As they search for identity, is it time for reeling Memphis Grizzlies to start rebuild?
MEMPHIS — They could “Elvis up” the place. Yes, Elvis-dressed ushers and Elvis races on the video board and Elvis impersonators at halftime and … well, that’s too cheesy, a lazy thrill.
Or just like the city’s favorite sound, they could go full blues. Yes, they could sell it by going from Bruise Brothers — a word play from their former nickname, Grit ’N Grind — to singing the blues. Well, that might not be the identity this team needs to flaunt at the moment.
Fact is, the Grizzlies are transitioning from their impressive past to an uncertain future and could use an image that fits them. Except, there’s nothing that defines them right now, because we no longer know who they are and, evidently, neither do they.
All we know is the Grizzlies are free-falling like nobody’s business and hearing all sorts of fan and media trade proposals for Marc Gasol while searching for help from a development strategy that hasn’t produced a rotation player that frightens anyone on the other bench.
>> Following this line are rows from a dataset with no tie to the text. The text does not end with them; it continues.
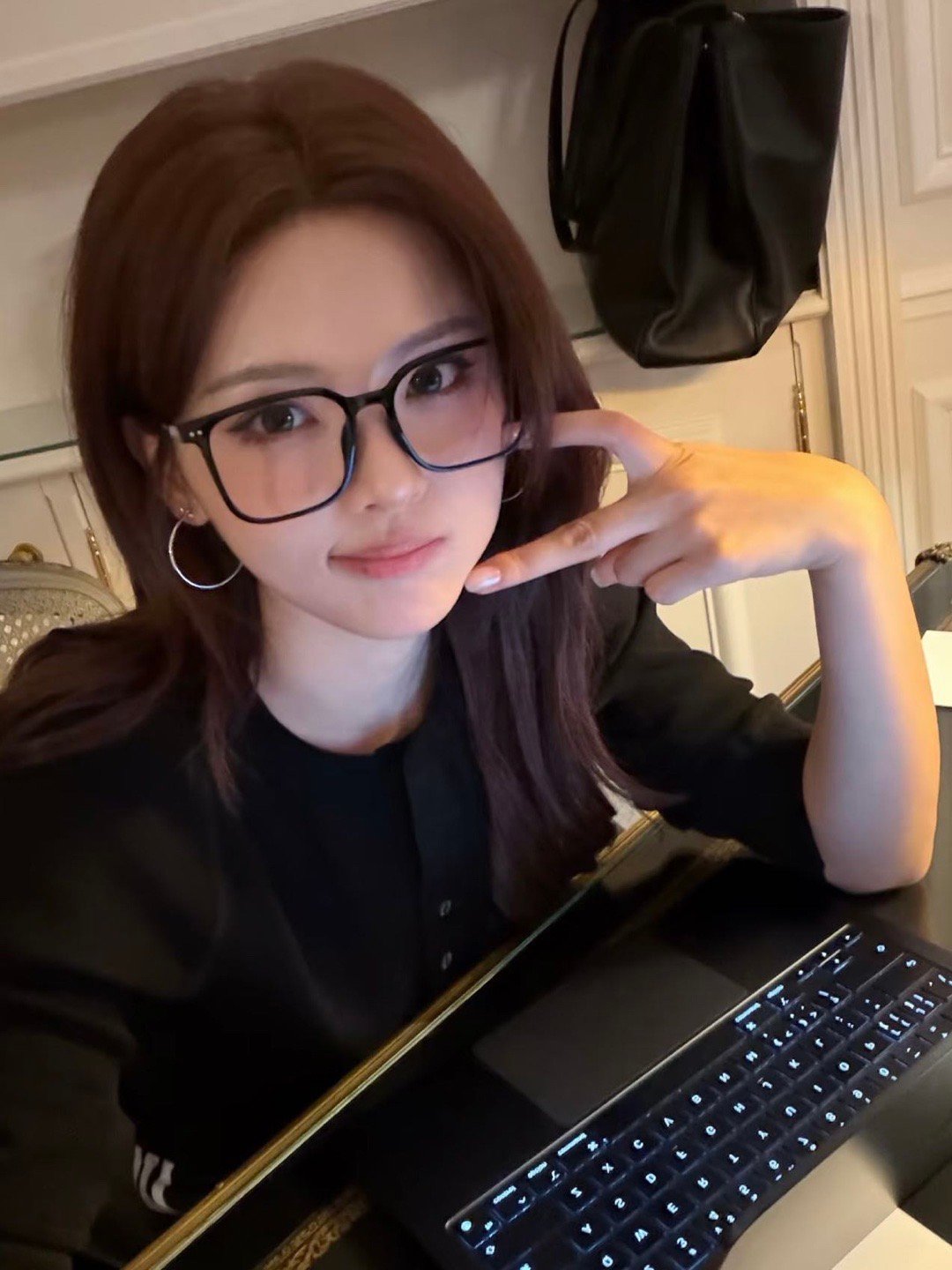 杨超越今日更新萌和御的超绝反差感🙇🏻‍♀️这脸怎么都好看​​​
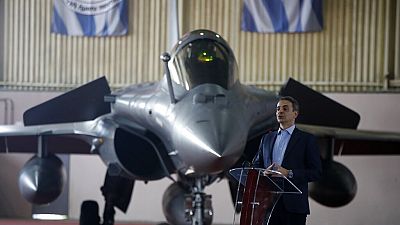 YUnanistan Başbakanı Kiryakos Miçotakis ile Rafale jetleri aynı karede.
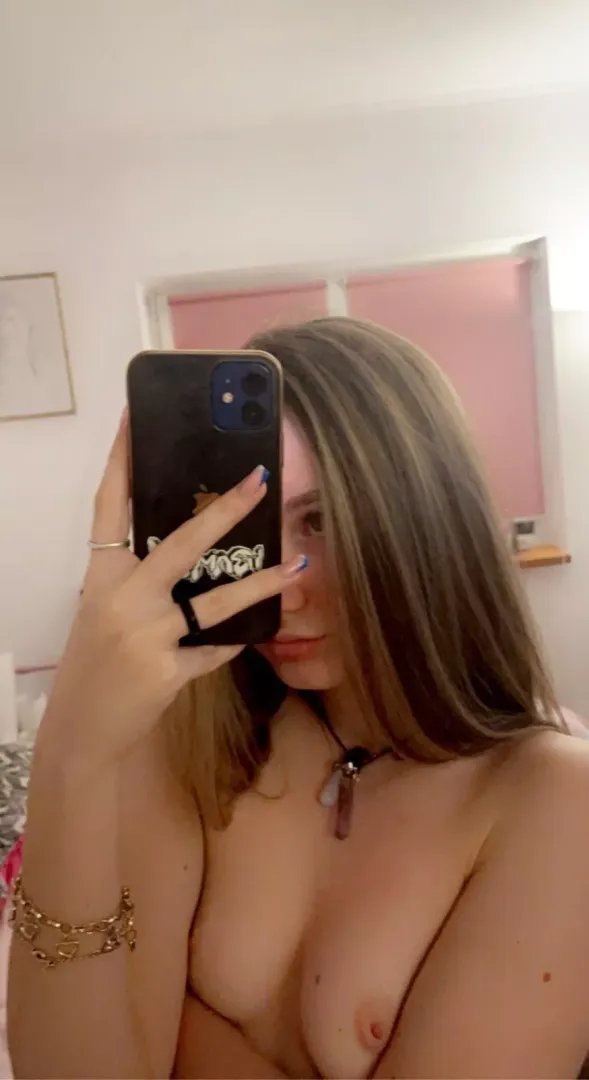 [F] Titties out🥵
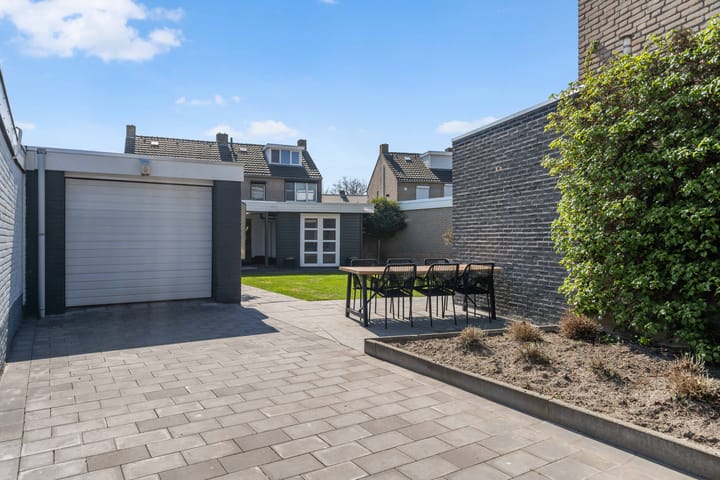 Foto 47 van Johanna van Polanenstraat 24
With only two victories since Nov. 8, a starting point guard who’s still mending and an interim coach who’s still trying to push the right buttons, the Grizzlies are sinking fast and ready to be counted out by the basketball world.
The glorified days of Gasol next to Zach Randolph on the blocks and Tony Allen making hell for the other team’s big scorer and Mike Conley being everyone’s Most Underrated Player are definitely over, if only because Z-Bo and Allen got old and left. That group helped the Grizzlies stay locked as a top-five team in the loaded West for several years and until recently used their grit and intimidation to often spook the finesse-y Warriors.
What’s left is an achy Conley, a “coach killer” label for the affable Gasol, a Bad Contract belonging to gimpy Chandler Parsons and a slew of mostly young role players who either haven’t yet or won’t ever be anything special.
Once they said that they were going to move on from Tony and Zach, I guess it was hard, I think, for everybody.”
Marc Gasol on team’s change of direction
That won’t get you far in a conference with the Warriors, Spurs, Rockets and revved up Wolves, unless the direction is south.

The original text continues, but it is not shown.